Working capital is a snapshot of a moment in time which measures the level of assets a business has available to meet its short-term obligations. It is not found on the balance sheet as a line item but is calculated easily with several figures which do appear on the balance sheet. Defined simply, working capital is the difference between current assets (cash, inventory, accounts receivable, etc.) and current liabilities (accounts payable, current portion of long term loans, accrued expenses, etc.)

Conversely, the “change in working capital” describes what is happening over a given period of time with regard to the liquidity of a business.  A change in working capital is important to monitor and is often used when analyzing and valuing a business.

What is change in working capital?

From an accounting standpoint, change in working capital refers generally to the difference in working capital from the previous year to the current year, and is an important indicator of a company’s financial performance and liquidity over time. Calculating the change in working capital creates an understanding of a company’s capital cycle – and how efficiently it can reduce the cycle by collecting receivables and/or delaying accounts payable.

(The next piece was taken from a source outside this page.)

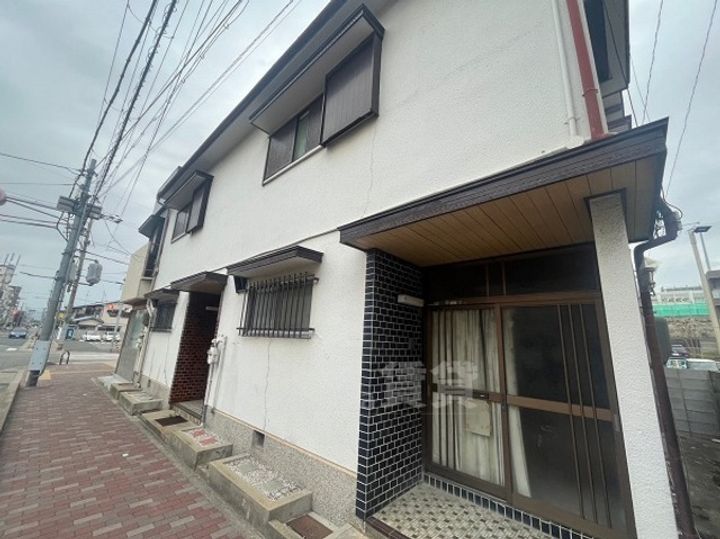 大阪府豊中市曽根西町1丁目(一戸建)の賃貸物件の外観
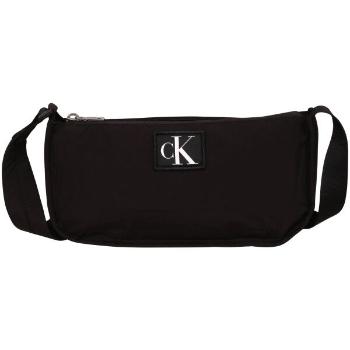 Calvin Klein CITY NYLON SHOULDER POUCH25 Dámská kabelka, černá, velikost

To determine the “change in working capital”, it is necessary to evaluate whether current operating assets and current operating liabilities are increasing or decreasing.

When does a change in working capital matter if you are selling or buying a business?

Whether a business is acquired via a stock purchase or asset purchase, the buyer will likely prepare an offer based in part on an assumption that they will have a certain level of liquidity on the balance sheet when the business transfers.  This assumption generally comes from the buyer’s review of the balance sheet (and the other financial statements) provided during the selling process.  In most cases the working capital of a given business for sale is substantial and is incorporated its valuation.  

Because the business value and offer made is based in part on its working capital (liquidity), most buyers will insist on including a working capital target for the closing date.  When this is done, the buyer will impose a closing day purchase price adjustment for the excess or shortfall in the business’s working capital target as defined in their Letter of Intent and/or purchase agreement.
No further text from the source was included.